- **Description of the task**
Without the pictures, write the listing out again exactly as it appears.

- **Source material**
##########
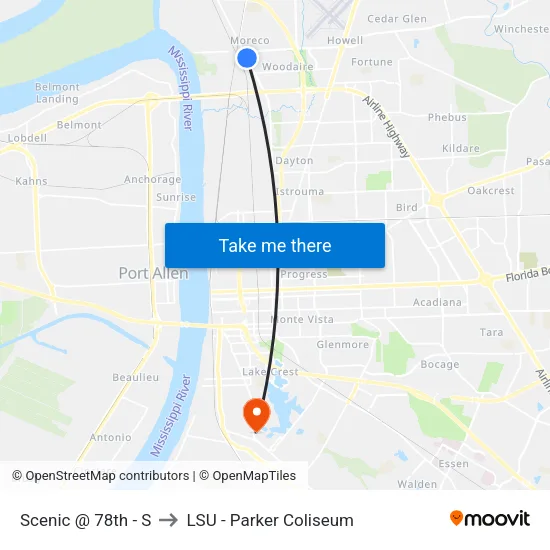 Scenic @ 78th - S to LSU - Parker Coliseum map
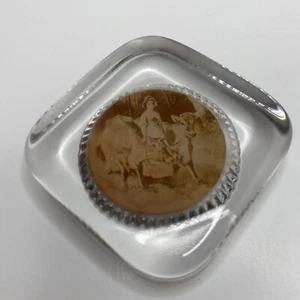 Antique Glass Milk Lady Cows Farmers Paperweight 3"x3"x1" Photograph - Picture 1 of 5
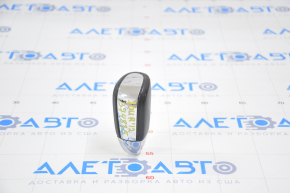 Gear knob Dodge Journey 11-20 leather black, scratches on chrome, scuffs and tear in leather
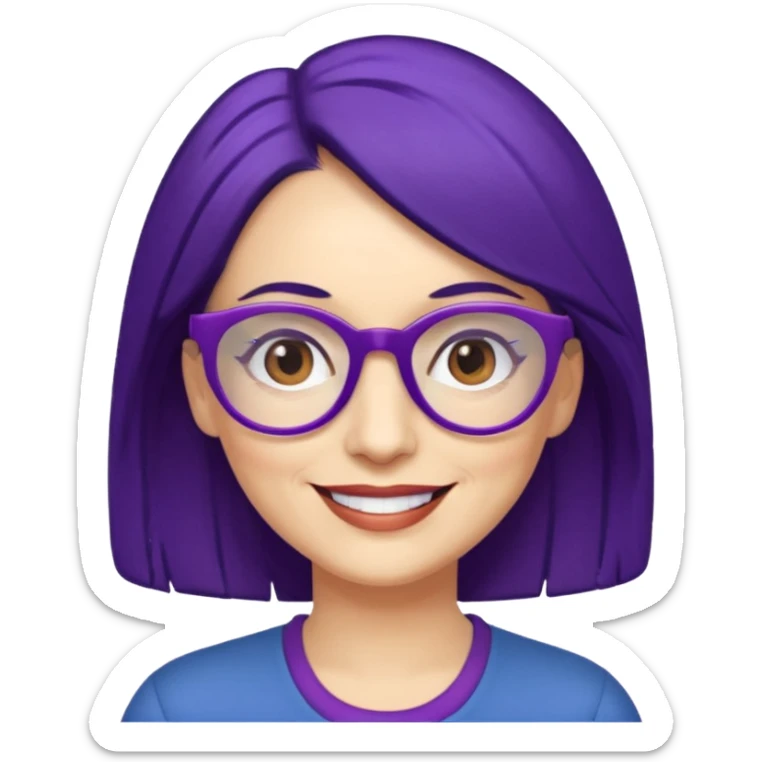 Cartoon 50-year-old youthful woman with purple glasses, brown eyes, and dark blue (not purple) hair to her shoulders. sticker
##########
- **Exercise output**
 Scenic @ 78th - S to LSU - Parker Coliseum map
 Antique Glass Milk Lady Cows Farmers Paperweight 3"x3"x1" Photograph - Picture 1 of 5
 Gear knob Dodge Journey 11-20 leather black, scratches on chrome, scuffs and tear in leather
 Cartoon 50-year-old youthful woman with purple glasses, brown eyes, and dark blue (not purple) hair to her shoulders. sticker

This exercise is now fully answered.